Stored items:
________________________

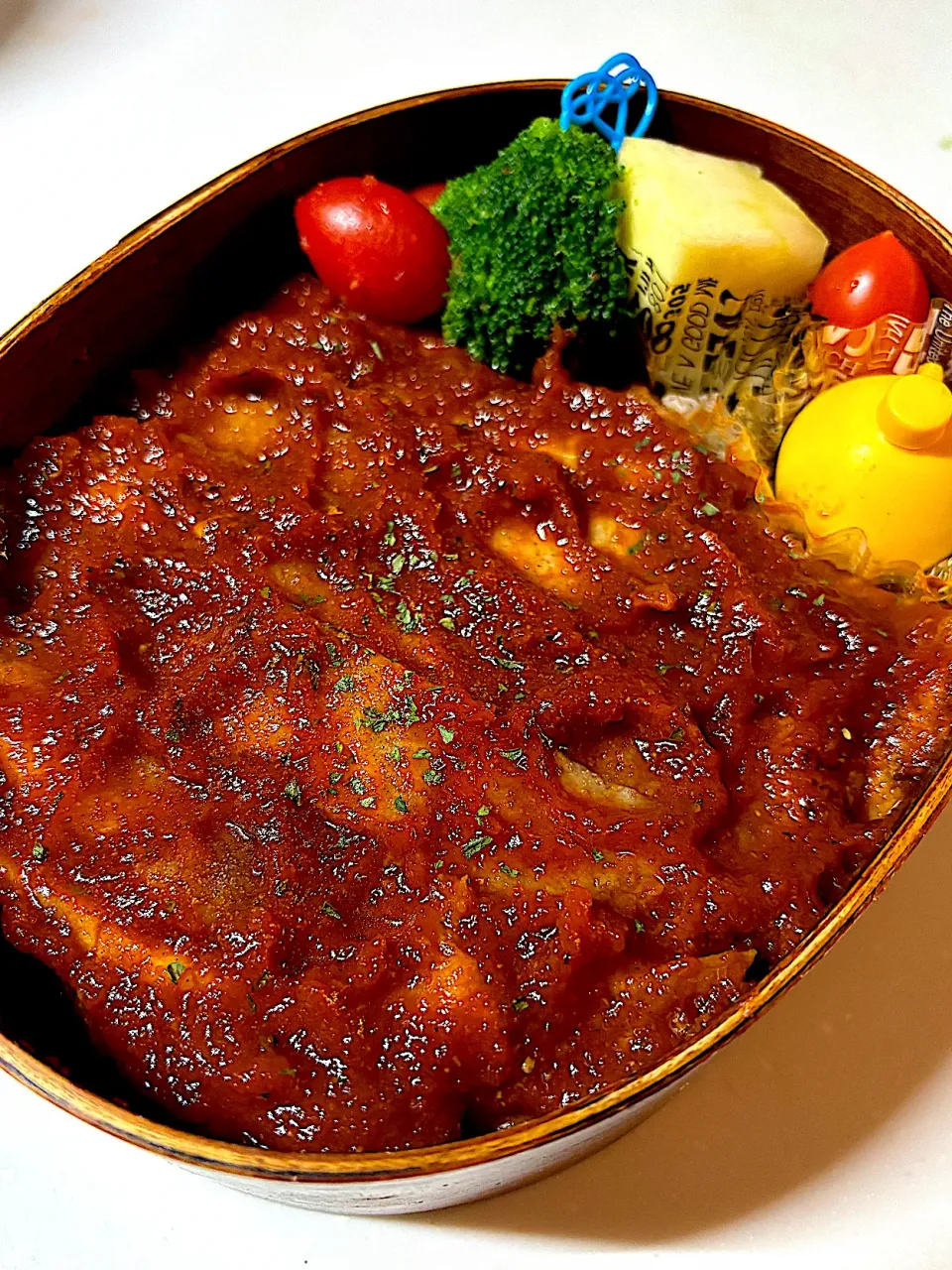 ポークチャップのっけ弁当|KUMIさん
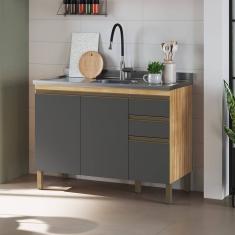 Balcão de Cozinha Para Pia 120cm com 3 Portas 2 Gavetas sem Tampo 100% MDF Madri Espresso Móveis Amêndoa/Cinza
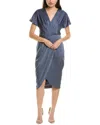 Aidan Mattox Crepe Back Satin Midi Dress In Blue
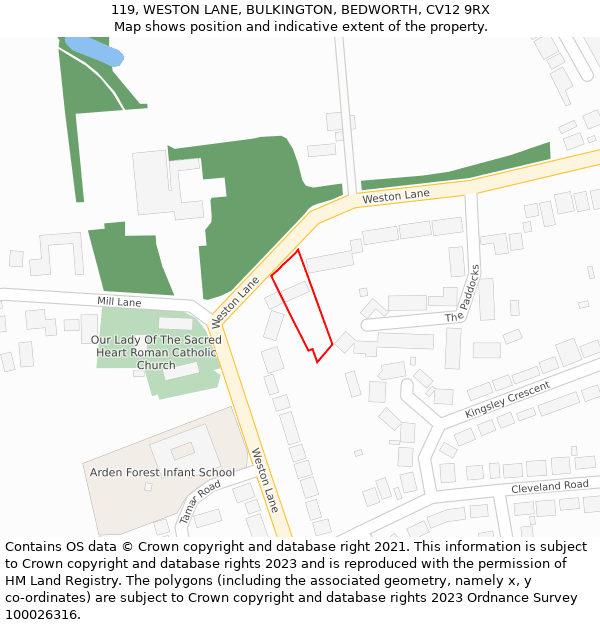 119, WESTON LANE, BULKINGTON, BEDWORTH, CV12 9RX: Location map and indicative extent of plot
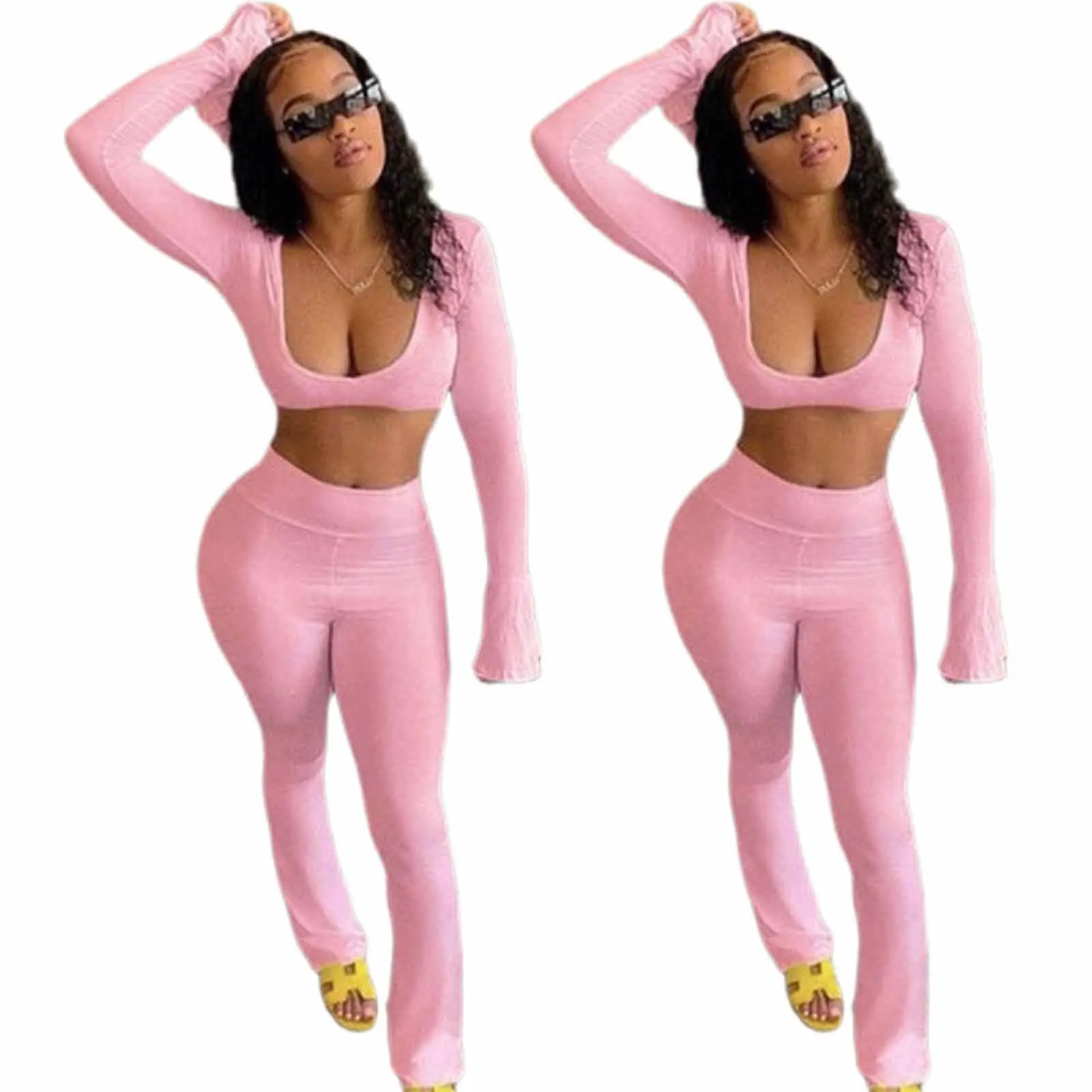

Two Piece Set Outfits Women Slim Fit U-Neck Long Sleeve Crop Top And Pants Skinny Trouser Tracksuit Sport Suit Female Clothing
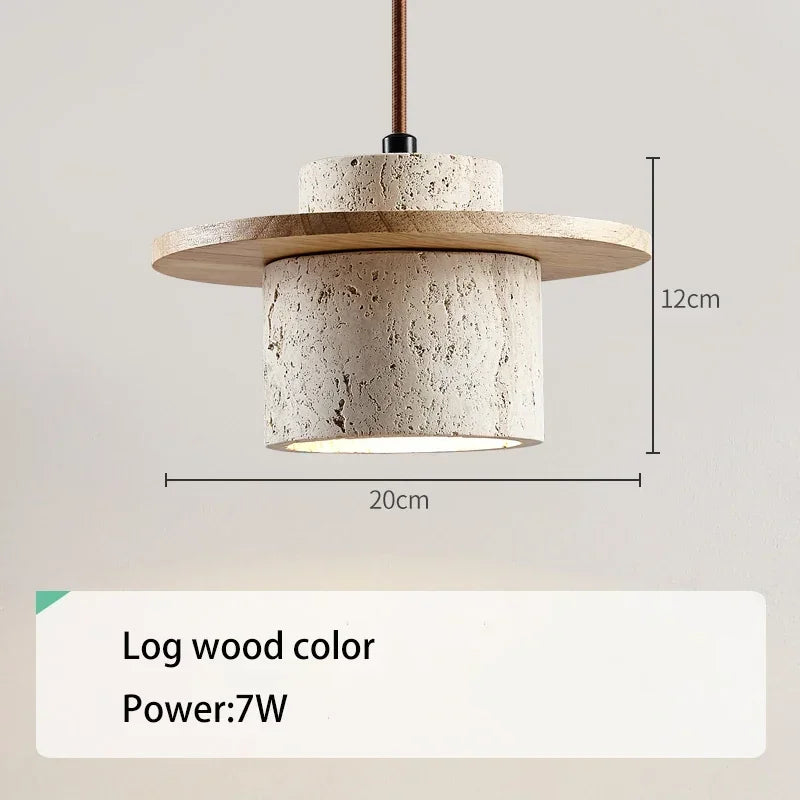 Axyaa Stone Wood Cream LED Pendant Chandelier for Bedroom Home Decor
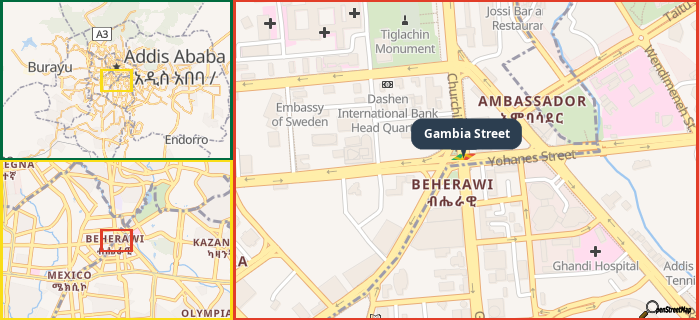 Map showing the address of Gambia Street in three different zoom levels.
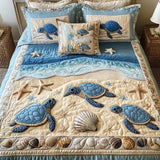 Conjunto de Cama Acolchado de 3 Peças - Tartarugas Marinhas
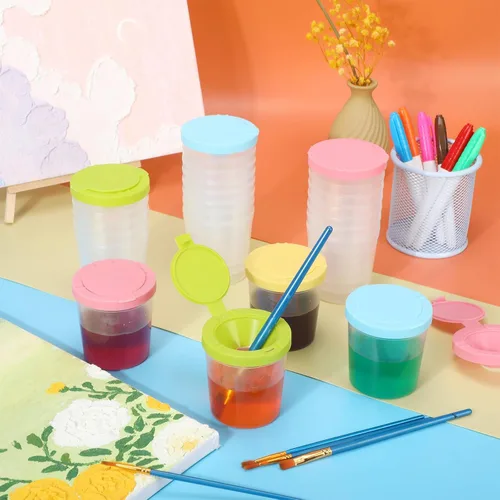 Miniatura 3 de Zonon Juego de 50 vasos de pintura de 6 onzas, antiderrames, con tapas abiertas, suministros de arte para la escuela, aula, estudio de artistas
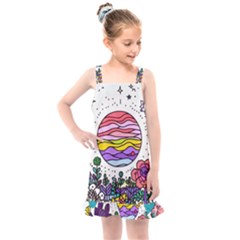 Rainbow Fun Cute Minimal Doodles Kids  Overall Dress by Bedest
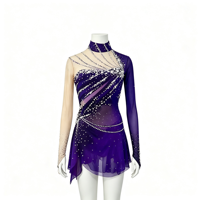 Robe de patinage artistique pour enfants, violette, à strass, col montant, dos ouvert, pour spectacle sur scène et compétition de patinage sur glace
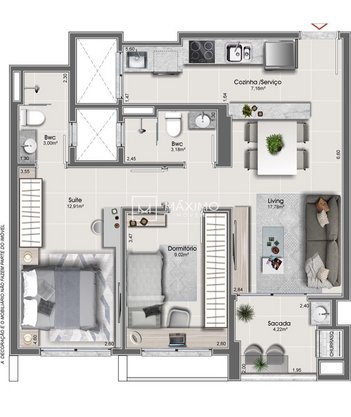 apartment em Rua Afonso Pena, Canto - Florianópolis - SC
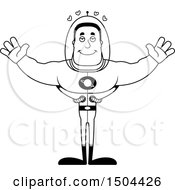 Poster, Art Print Of Black And White Buff African American Space Man Or Astronaut With Open Arms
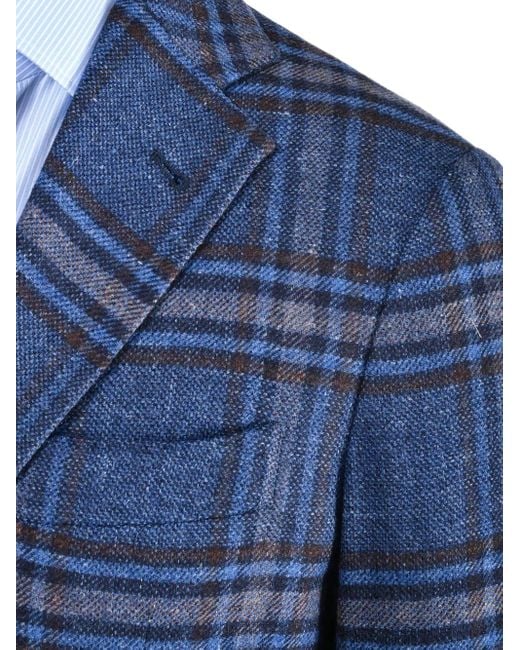 Sartorio Napoli Blue Plaid-Pattern Blazer for men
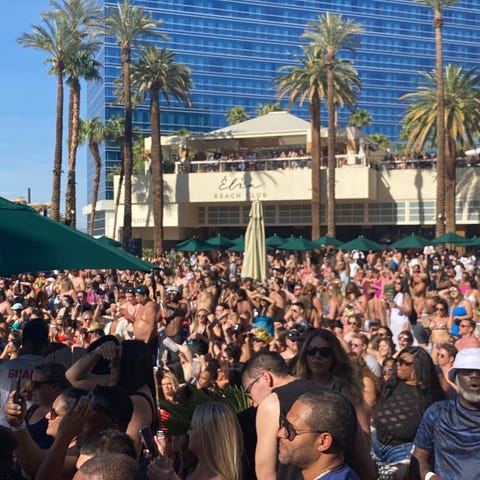 The crowd at Elia Beach Club at Virgin Hotels Las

________________________

### Task instructions
Output each record exactly as it appears, but not the pictures.

### Result of this exercise
 ポークチャップのっけ弁当|KUMIさん
 Balcão de Cozinha Para Pia 120cm com 3 Portas 2 Gavetas sem Tampo 100% MDF Madri Espresso Móveis Amêndoa/Cinza
 Aidan Mattox Crepe Back Satin Midi Dress In Blue
 119, WESTON LANE, BULKINGTON, BEDWORTH, CV12 9RX: Location map and indicative extent of plot

Two Piece Set Outfits Women Slim Fit U-Neck Long Sleeve Crop Top And Pants Skinny Trouser Tracksuit Sport Suit Female Clothing
 Axyaa Stone Wood Cream LED Pendant Chandelier for Bedroom Home Decor
 Map showing the address of Gambia Street in three different zoom levels.
 Conjunto de Cama Acolchado de 3 Peças - Tartarugas Marinhas
 Miniatura 3 de Zonon Juego de 50 vasos de pintura de 6 onzas, antiderrames, con tapas abiertas, suministros de arte para la escuela, aula, estudio de artistas
 Rainbow Fun Cute Minimal Doodles Kids  Overall Dress by Bedest
 Robe de patinage artistique pour enfants, violette, à strass, col montant, dos ouvert, pour spectacle sur scène et compétition de patinage sur glace
 apartment em Rua Afonso Pena, Canto - Florianópolis - SC
 Poster, Art Print Of Black And White Buff African American Space Man Or Astronaut With Open Arms
 Sartorio Napoli Blue Plaid-Pattern Blazer for men
 The crowd at Elia Beach Club at Virgin Hotels Las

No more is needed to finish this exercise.